I'm not in the business of outing fraudulent hotels, so I won't publish their names here, but I will say that I wish TripAdvisor implemented some form of Karma system. For now, I will make good use of my script every time I travel.

Oh I also know of an amazing restaurant recommendation site, but I won't link to it here because it's currently in that sweet spot with enough but not too many users!

Wednesday, January 7, 2009

I Don't Get Spam

I don't get how spam can be profitable.

Somebody needs to get to the bottom of this (if you're one of my students, this is a big hint). For regular email spam, the best analysis I know is this one. In it, the authors claim that the conversion rate (the fraction of dopes who actually buy things from spam emails) is well under 0.00001% (that's 1 in 10 million!). On the other hand, this article claims that it costs about $80 to send one million spam emails through a botnet. Putting these two together, it seems to cost about $800 to make a single sale via spam advertising. That makes no sense!

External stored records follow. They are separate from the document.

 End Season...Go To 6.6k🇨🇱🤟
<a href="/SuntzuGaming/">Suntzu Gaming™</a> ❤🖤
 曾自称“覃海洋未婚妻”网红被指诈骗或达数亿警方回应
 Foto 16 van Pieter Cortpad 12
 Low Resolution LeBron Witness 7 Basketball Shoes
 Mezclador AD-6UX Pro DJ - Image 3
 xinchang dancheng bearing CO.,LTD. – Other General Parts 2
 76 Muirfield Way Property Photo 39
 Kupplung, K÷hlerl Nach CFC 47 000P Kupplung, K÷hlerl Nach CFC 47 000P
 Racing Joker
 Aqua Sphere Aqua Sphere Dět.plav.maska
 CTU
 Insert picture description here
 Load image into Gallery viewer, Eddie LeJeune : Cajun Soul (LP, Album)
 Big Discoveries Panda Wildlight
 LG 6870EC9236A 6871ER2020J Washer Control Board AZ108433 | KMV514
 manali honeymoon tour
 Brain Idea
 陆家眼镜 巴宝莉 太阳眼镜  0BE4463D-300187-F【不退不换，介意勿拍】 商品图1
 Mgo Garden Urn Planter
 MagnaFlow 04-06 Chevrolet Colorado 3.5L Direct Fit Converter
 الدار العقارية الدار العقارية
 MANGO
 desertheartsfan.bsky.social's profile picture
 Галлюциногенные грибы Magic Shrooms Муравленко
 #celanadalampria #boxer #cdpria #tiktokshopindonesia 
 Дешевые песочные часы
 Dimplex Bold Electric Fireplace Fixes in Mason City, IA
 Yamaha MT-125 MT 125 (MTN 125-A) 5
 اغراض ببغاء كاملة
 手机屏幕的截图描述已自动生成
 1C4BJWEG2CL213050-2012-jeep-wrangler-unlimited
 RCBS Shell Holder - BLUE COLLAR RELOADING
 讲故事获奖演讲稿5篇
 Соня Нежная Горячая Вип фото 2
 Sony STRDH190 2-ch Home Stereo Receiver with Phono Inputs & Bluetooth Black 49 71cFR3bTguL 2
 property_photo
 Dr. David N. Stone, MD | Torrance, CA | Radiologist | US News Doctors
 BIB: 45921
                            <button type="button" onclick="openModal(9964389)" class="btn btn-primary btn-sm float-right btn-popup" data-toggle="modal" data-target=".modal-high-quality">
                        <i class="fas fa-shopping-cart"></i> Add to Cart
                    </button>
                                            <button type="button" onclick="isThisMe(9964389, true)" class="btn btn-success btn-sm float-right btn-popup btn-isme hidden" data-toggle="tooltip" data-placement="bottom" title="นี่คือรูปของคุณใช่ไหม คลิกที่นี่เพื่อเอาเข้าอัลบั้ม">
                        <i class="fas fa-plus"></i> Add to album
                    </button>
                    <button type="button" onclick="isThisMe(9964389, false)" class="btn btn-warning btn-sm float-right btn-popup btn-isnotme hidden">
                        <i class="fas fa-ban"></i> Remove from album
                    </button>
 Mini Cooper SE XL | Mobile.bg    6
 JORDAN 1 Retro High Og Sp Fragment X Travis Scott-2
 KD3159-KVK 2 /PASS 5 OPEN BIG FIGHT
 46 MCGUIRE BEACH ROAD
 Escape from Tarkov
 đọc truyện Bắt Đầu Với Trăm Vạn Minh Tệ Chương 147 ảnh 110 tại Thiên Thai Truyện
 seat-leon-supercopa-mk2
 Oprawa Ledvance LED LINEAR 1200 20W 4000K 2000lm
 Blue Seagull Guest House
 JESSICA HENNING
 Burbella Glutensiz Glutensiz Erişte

It makes even less sense when you consider all the hoops that modern Web sites make you jump through before you can send spam inside them. Most social networking sites, for example, make you type CAPTCHAs repeatedly if you send too many messages from a single account. This adds significant cost to spammers -- even if they hire cheap labor in developing countries, they pay ~$2 for every 1,000 manually solved CAPTCHAs. That's a few thousand dollars per million. Again, it doesn't add up.

Hypothesis: Spam is not financially viable and the main reason it continues to be sent is because spam delivery companies (i.e. "the advertisers") have tricked "sellers" into thinking that spam advertising pays off.

Tuesday, January 6, 2009

Brilliant or Stupid

Like most everything I do, this is either the best idea I've had, or a complete flop. But here it goes: I'm starting a blog.